*What is needed:* When you output the entries, begin with the first line and end with the line containing "Cervical Disease and HPV", keeping each line exactly as it is.

[Records from a collection]
[Start of Attachment]

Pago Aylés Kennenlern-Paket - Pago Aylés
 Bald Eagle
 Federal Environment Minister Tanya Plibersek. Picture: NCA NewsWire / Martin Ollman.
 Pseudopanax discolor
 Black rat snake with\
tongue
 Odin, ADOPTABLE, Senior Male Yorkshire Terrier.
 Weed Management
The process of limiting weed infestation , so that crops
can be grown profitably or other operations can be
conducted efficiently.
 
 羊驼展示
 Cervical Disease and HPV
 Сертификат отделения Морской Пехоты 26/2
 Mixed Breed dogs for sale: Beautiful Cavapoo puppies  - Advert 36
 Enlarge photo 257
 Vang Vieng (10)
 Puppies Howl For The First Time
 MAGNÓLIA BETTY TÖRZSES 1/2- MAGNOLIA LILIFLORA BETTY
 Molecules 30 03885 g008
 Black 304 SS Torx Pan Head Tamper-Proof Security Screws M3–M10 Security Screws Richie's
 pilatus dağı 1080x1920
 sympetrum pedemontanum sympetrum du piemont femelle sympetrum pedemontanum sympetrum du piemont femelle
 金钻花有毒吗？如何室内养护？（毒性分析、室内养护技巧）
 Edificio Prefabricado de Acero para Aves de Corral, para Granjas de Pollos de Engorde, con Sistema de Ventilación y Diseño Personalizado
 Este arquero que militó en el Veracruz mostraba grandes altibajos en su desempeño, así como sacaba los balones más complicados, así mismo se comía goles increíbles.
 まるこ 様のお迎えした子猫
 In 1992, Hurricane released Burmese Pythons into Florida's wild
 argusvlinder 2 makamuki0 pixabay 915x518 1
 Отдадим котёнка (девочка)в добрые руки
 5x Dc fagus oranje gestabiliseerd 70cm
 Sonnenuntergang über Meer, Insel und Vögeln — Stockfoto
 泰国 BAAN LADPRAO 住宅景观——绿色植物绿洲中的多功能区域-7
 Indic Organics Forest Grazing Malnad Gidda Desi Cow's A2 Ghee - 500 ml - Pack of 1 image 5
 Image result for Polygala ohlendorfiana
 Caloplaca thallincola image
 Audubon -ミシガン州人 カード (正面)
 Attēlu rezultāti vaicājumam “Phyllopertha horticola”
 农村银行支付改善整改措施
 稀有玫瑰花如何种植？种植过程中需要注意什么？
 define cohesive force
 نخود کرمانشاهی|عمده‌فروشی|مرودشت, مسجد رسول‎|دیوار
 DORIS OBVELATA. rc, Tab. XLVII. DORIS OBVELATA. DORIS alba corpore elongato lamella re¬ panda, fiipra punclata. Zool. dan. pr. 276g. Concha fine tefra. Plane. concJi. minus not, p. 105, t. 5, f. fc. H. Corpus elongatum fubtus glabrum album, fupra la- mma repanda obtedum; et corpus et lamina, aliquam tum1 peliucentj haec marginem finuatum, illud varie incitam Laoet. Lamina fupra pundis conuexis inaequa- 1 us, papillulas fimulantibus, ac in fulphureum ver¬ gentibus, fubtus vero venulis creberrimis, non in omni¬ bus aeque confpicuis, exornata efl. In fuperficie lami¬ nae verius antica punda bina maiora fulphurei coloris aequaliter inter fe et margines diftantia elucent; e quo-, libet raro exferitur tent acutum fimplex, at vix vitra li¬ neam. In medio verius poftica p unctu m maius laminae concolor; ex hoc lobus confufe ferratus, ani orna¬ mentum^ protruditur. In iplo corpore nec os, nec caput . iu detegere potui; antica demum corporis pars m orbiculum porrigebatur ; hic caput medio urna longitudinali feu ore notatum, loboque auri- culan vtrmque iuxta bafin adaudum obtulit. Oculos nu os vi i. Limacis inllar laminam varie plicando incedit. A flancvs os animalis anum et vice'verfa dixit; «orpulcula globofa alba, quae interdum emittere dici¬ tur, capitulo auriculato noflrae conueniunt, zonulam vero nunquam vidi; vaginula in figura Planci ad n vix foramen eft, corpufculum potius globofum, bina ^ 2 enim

[End of Attachment]

*Response to the task:*
Pago Aylés Kennenlern-Paket - Pago Aylés
 Bald Eagle
 Federal Environment Minister Tanya Plibersek. Picture: NCA NewsWire / Martin Ollman.
 Pseudopanax discolor
 Black rat snake with\
tongue
 Odin, ADOPTABLE, Senior Male Yorkshire Terrier.
 Weed Management
The process of limiting weed infestation , so that crops
can be grown profitably or other operations can be
conducted efficiently.
 
 羊驼展示
 Cervical Disease and HPV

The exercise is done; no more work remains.